This option is not to control how curl will interpret response bytes, but to make it accept a content that is transferred as a compressed stream, e.g. gzip.

Your script will get the content, you can convert its encoding using PHP's mb_string/icnov functions. However, be sure you have set your database collation and connection collation properly.

aularon
A: 

If the characters are fine when you change the header of the page to indicate that it's encoded in UTF-8, they're not corrupted; you're treating character data that's encoded in one format (UTF-8) as though it were encoded in another.

What you should check:

  • Verify that the XML source document is, in fact, UTF-8 encoded, since that's what you're specifying in your curl options.

  • Find out what the encoding used by your database is.

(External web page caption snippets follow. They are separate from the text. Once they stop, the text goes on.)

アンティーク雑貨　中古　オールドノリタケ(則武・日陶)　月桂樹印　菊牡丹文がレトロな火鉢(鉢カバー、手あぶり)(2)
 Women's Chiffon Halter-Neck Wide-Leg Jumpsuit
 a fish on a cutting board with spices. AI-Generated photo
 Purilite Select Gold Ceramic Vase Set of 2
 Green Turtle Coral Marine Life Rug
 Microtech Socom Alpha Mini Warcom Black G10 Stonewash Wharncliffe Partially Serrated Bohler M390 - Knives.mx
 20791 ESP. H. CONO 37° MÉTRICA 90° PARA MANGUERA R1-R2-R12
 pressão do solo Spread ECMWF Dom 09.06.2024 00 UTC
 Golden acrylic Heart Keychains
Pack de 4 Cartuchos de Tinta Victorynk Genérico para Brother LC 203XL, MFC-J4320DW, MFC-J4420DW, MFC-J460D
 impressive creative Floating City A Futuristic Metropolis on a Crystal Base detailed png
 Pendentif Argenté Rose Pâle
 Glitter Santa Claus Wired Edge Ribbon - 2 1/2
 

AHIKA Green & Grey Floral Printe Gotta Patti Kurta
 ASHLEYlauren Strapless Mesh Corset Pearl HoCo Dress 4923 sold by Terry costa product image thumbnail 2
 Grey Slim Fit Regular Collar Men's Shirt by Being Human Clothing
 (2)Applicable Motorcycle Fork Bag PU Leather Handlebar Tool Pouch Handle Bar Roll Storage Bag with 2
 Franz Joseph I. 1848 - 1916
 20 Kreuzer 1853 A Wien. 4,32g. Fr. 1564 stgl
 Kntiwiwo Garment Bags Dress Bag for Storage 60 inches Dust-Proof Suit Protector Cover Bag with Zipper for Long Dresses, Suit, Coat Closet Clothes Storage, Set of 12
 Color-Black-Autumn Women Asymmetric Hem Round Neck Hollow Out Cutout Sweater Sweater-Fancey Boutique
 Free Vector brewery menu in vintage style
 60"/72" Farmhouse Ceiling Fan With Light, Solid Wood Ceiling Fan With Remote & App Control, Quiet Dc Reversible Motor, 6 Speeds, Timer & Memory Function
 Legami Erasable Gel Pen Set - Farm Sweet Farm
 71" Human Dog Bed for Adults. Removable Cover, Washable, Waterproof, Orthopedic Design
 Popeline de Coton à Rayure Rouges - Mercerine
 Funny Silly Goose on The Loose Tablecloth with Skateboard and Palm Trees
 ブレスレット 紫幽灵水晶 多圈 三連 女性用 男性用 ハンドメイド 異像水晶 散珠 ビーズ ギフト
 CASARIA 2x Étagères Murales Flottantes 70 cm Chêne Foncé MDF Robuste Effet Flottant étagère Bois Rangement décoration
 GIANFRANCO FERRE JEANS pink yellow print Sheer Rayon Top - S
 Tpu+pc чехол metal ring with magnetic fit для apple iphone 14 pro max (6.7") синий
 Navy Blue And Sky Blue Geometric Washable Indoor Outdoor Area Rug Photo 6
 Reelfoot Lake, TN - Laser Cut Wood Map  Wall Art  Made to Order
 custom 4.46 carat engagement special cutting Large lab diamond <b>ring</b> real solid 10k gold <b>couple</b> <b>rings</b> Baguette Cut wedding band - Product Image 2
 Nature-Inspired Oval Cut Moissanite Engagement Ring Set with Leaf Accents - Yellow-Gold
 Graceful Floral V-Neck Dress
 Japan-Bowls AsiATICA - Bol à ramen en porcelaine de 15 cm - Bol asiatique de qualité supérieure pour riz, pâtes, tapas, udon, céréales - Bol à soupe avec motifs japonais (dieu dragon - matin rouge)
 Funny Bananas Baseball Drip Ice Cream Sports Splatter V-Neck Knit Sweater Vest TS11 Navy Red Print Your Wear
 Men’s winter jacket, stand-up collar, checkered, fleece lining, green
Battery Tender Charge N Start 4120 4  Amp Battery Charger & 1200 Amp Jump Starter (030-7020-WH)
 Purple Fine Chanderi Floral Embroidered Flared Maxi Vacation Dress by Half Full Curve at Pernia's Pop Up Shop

If you need to be able to store Unicode characters in your database, you can change the character encoding there to UTF-8. Alternatively, you can convert from your source document using utf8_decode() (if the database is storing ISO-8859-1 characters) or mb_convert_encoding(). However, if characters in the source document can't be encoded in the system being used by the database, you'll lose information.

ngroot
A: 

Hello again Thanks for answers, they relly helped me to find problem, and special thanks to ngroot because I was stuck at thinking about curl but the problem was at database, when I tried first 2 answers I got no result and when I check the database I saw that I saved Titles of xml file as VARCHAR and UTF-8 Turkish as encoding, than I tried UTF-8 unicode and I saw that database variables became more readable finally I saved titles as VARBINARY to database and everything is resolved again thank you for all help.

Görkem Karahan